The second piece in the series goes into more detail on Cheney's role in the development and implementation of torture policies, in which he managed to overrule not only Justice Department lawyers (including Theodore Olsen, the Solicitor General whose wife died on 9/11 in a hijacked airplane), and the White House counsel's staff. He has managed to block appointments at Justice when the appointee did not share his views. Essentially, he has not only decided what policy should be, but used his staff to make sure it was implemented.

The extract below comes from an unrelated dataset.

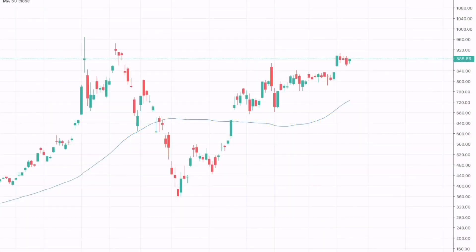Hey team, in this video we will be analyzing and forecasting the market for Tesla stocks from June 8 till June 12. So let's begin. Here we can see that Tesla is currently testing a major resistance.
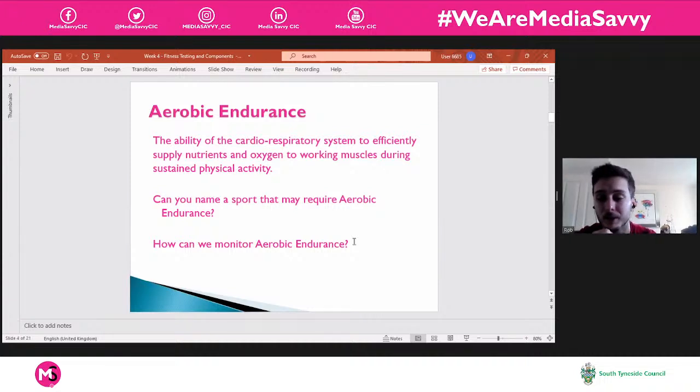Something like the Cooper test — we did that in school — was essentially a perimeter of cones set out, and you'd have a set time to see how many cones you could run past. You might set a five-minute timer and see how far you can get, checking how your aerobic endurance holds up even when you try and push yourself towards the end.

It is not clear whether the series will take this up, but it seems clear to me that the same process brought about the Iraq war. Cheney took the lead publicly in defining the threat, arguing that Saddam was on the verge of acquiring nuclear weapons. By that time (in the late summer of 2002) Condi Rice had already told Colin Powell that the President had already made the decision to invade Iraq. It may turn out that Scooter Libby, not Rumsfeld, was the real patron of the Office of Special Plans in the Pentagon, which cooked the intelligence to support the war. And he was pretty clearly behind the attempt to discredit Joseph Wilson--which, a former high Administration official has confirmed to me personally, wasn't really an attempt to discredit Wilson at all, but an attempt to intimidate the CIA from leaking any embarrassing information again.

President Bush for the last six years has focused on "staying on message." It is beginning to look, really and truly, as though that is all he does. Like a British monarch giving a series of King's speeches, he is the public face of the Administration's policy but he is neither designing it or directing it except in the most general (and never-varying) terms. And indeed, some of his own most deeply held beliefs--such as the need to promote democracy--have not really been reflected in policy because the Vice President does not share them.

At least two broader historical currents have contributed to this disaster. One is the traditional American distrust of big government, which began with the Founders and survived the civil war. The New Deal changed the minds of a majority of Americans, but conservative Republicans never accepted the changes it wrought, and they forged an alliance with southern whites and religious conservatives in the 1980s that got Bush close enough to victory in 2000 to get him into the White House with the help of the Supreme Court. The second strain, of course, is generational. Boomers--and although Cheney is technically two years older than the oldest Boomer, his coming of age was slowed by his decision to drop out of Yale, he did not graduate from college until 1965, just as Vietnam was getting underway, and he went straight to Washington. Already a conservative Republican, LBJ's travails inevitably fired him with the boom generation's customary contempt for higher authority and everything their parents had wrought. (Cheney's parents, actually, were Democrats.) His unhappy experiences at Yale, from which he dropped out (or flunked out), undoubtedly contributed to his hatred of the eastern establishment, something he seems to share with his boss. More importantly, however, virtually the whole Administration is staffed with Boomers--conservative boomers with as little respect for the work of the New Deal and of the 1950s and 1960s as the SDS had forty years ago.

It makes sense that such profound policy changes had to be accompanied by profound institutional changes, too. That is the only way they could happen. And it may be, as Bush and Cheney obviously hoped, that too much damage has been done to reverse the process.